EXERCISE INPUT >>
──────────

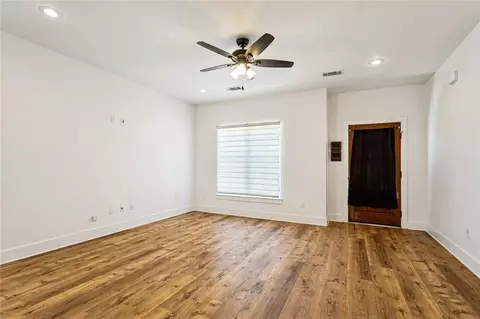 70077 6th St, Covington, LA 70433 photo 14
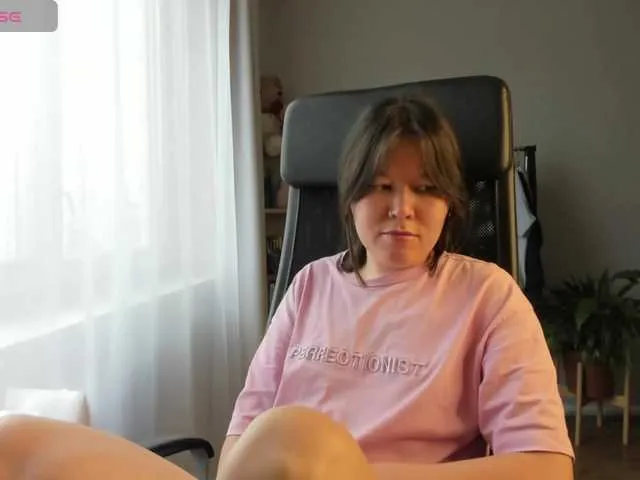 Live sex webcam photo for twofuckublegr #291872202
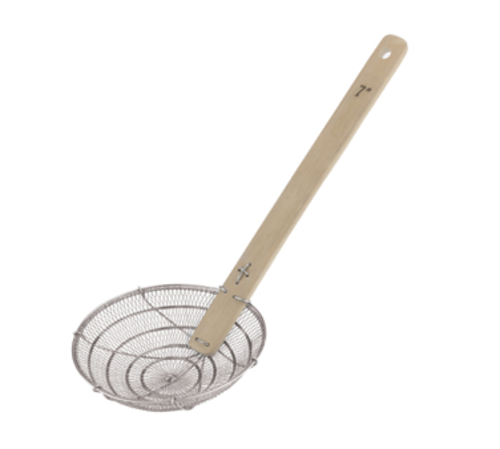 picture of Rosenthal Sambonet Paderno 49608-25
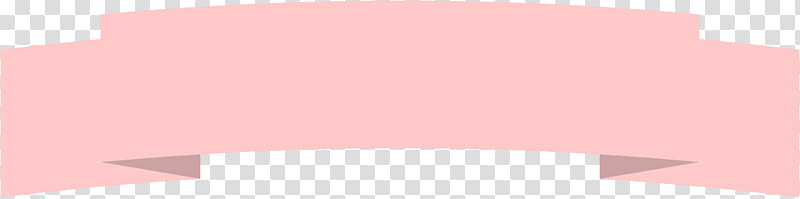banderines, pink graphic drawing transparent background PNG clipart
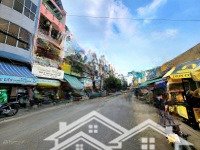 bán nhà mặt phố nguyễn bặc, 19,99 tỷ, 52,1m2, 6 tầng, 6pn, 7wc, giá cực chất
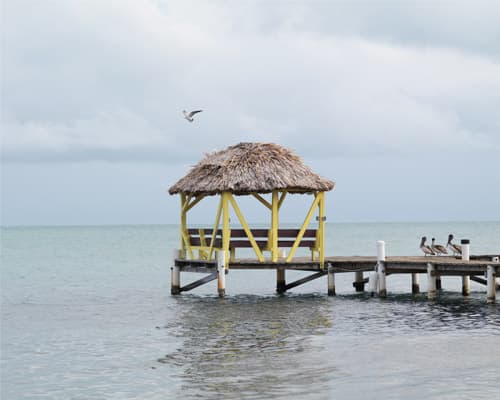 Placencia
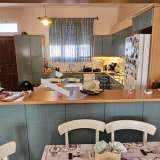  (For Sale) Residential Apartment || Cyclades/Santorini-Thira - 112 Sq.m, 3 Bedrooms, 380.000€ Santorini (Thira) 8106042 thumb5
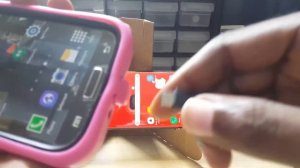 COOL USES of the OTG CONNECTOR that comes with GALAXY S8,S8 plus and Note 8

──────────

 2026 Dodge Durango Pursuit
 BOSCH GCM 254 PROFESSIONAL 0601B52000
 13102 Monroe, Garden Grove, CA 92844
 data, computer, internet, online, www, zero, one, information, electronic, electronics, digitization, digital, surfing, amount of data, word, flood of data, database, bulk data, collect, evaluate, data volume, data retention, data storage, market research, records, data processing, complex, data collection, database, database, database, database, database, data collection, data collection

──────────

EXERCISE REQUIREMENTS >> Exact repeat of the material above: every line from the one with "bán nhà mặt" through the one with "COOL USES of", endpoints included, and nothing more. No pictures.

TASK RESPONSE >>
 bán nhà mặt phố nguyễn bặc, 19,99 tỷ, 52,1m2, 6 tầng, 6pn, 7wc, giá cực chất
 Placencia
  (For Sale) Residential Apartment || Cyclades/Santorini-Thira - 112 Sq.m, 3 Bedrooms, 380.000€ Santorini (Thira) 8106042 thumb5
 COOL USES of the OTG CONNECTOR that comes with GALAXY S8,S8 plus and Note 8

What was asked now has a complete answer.